Un ejemplo es Schwager, compañía chilena con raíces en la minería del carbón, que se reinventó como proveedora de servicios mineros. Según Alex Acosta, gerente general, la firma busca duplicar sus ventas (actualmente en US$100 millones) y expandirse a Argentina, siguiendo su experiencia en Perú y México. “Estamos siguiendo de cerca lo que pasa en Argentina. Cuando las condiciones lo permitan, participaremos en licitaciones”, afirmó Acosta a Diario Financiero. La estrategia incluye buscar socios locales para replicar un modelo de colaboración bidireccional, como ya hacen en Perú.
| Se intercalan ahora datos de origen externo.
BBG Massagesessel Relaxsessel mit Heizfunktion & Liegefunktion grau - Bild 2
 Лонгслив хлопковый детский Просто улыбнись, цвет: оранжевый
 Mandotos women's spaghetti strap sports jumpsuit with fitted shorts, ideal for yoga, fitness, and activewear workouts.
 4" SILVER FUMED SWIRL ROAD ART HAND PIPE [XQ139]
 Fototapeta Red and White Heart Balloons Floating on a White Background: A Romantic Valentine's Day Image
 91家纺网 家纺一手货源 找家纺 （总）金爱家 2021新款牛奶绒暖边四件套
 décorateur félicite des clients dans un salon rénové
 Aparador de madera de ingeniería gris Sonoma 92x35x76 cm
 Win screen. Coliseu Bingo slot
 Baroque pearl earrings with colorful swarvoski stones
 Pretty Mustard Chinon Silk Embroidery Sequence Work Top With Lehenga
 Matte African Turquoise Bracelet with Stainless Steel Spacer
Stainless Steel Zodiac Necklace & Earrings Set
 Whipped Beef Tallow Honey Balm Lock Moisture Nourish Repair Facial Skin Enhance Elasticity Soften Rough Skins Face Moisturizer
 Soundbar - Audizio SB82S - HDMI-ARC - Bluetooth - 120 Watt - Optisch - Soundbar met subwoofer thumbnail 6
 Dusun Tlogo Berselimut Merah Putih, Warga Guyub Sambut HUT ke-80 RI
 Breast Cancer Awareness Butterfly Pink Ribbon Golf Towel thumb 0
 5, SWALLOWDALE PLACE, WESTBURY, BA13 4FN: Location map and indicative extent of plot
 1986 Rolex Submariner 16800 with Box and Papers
Palabra clave: coorperación
El tratado binacional entre Argentina y Chile es clave en este escenario. Jack Lundin, presidente del Grupo Lundin, expresó su intención de optimizar recursos entre sus proyectos en ambos países, como Vicuña en Argentina y Candelaria y Caserones en Chile, aprovechando la logística transandina. Este acuerdo también podría resolver las carencias de infraestructura señaladas por Marcelo Álvarez, CEO de Barrick, quien criticó la insuficiencia del RIGI y la falta de desarrollo logístico en Argentina.
Por otro lado, la chilena Antofagasta PLC, una de las mayores productoras de cobre del mundo, mantiene su interés en el proyecto Pachón, actualmente en manos de Glencore, en medio de especulaciones sobre una posible fusión con Río Tinto.
Compre local
En Argentina, sin embargo, la llegada de empresas extranjeras genera resistencia. En provincias como San Juan y Salta, los actores locales exigen leyes que prioricen la contratación de mano de obra y servicios regionales frente a lo que perciben como una “amenaza” de firmas foráneas, incluidas las chilenas y mendocinas.
El desarrollo de la minería de cobre en Argentina no solo atrae inversiones, sino que también promete una creciente presencia chilena, respaldada por su experiencia y acuerdos bilaterales. Sin embargo, el desafío será equilibrar los intereses locales con la integración regional para impulsar una industria clave para el futuro.